The use of contrapuntal construction and the independence given to middle and under parts, however, point to the influence of the free forms Fantasia and Prelude. These enabled the lutenist to shine with his technical skill in performance, and to demonstrate his command of the more demanding techniques of composition. Here too, comparison between somewhat similar pieces by Newsidler and Waissel and those of Howet, van den Hove and above all Adriaenssen shows how the stylistic media of these forms - contrapuntal elaboration, rapid running figures, changes of register, excursions into remote and technically difficult tonalities, construction based on a single theme - were being employed ever more skilfully and to greater purpose.
In contrast to these original compositions by lutenists there are the adaptations (“intavolatura”) of sacred and secular vocal music, i. e. transcriptions for the lute of existing compositions, by which means a single musician could play well-known and popular compositions intended for a number of singers.
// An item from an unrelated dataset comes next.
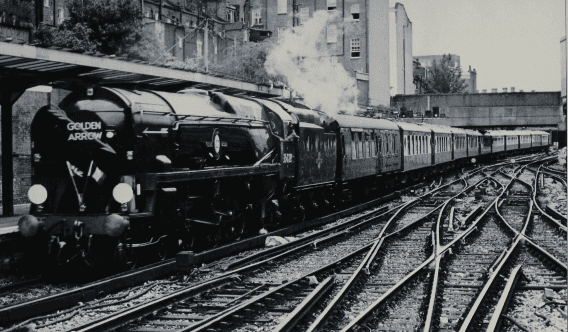 Clan Line’ and the ‘Golden Arrow’ 1996-style. The rebuilt No. 35028 drifts quietly into London Victoria station with the up Pullman on the evening of April 27, 1996. The Union Jack, Tricolour, headboard and coaches provide a common thread. K.J.C. Jackson.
The lutenist had to transcribe the original work as faithfully as possible, although he was influenced by such technical limitations of the lute as its restricted range, the difficulty of stretching certain intervals on the fingerboard, and the fact that notes quickly die away. It is remarkable how successfully lutenists reproduced complex contrapuntal pieces by skilfully chosen tonalities and changes of position, cross stoppings and the omission of octave doublings and subsidiary parts, and how they overcame the problem of notes dying away quickly by adding ornamental cadences, running figures and decorations of the melody, to create what are to all intents and purposes lute pieces in their own right, without destroying the original compositions.
When listening to these adaptations it should be borne in mind that they were intended for a particular circle of listeners, who knew the originals. Today we would believe some of these pieces, such as Judenkünig’s “Ellend bringt peyn” and Vallet’s “Slaep, soete, slaep”, but for their titles, to be free lute compositions or dances, since they make use of similar stylistic features, but in fact they are transcriptions of existing works whose composers are known. For example the intavolatura of “Innsbruck, ich muss dich lassen” is based on the well-known song by H. Isaac. The two psalm settings of Sweelinck are unusual in that - as with a dance - he took over melodies and arranged them in several parts (they are from L. Bourgeois, De Psalmen Davids..., Leiden 1574). They have come down to us in a manuscript which details the repertoire of a town musical circle, to which Sweelinck belonged, and gives one more proof of the fact that in the 16th/17th century lute playing was cultivated in all classes of society.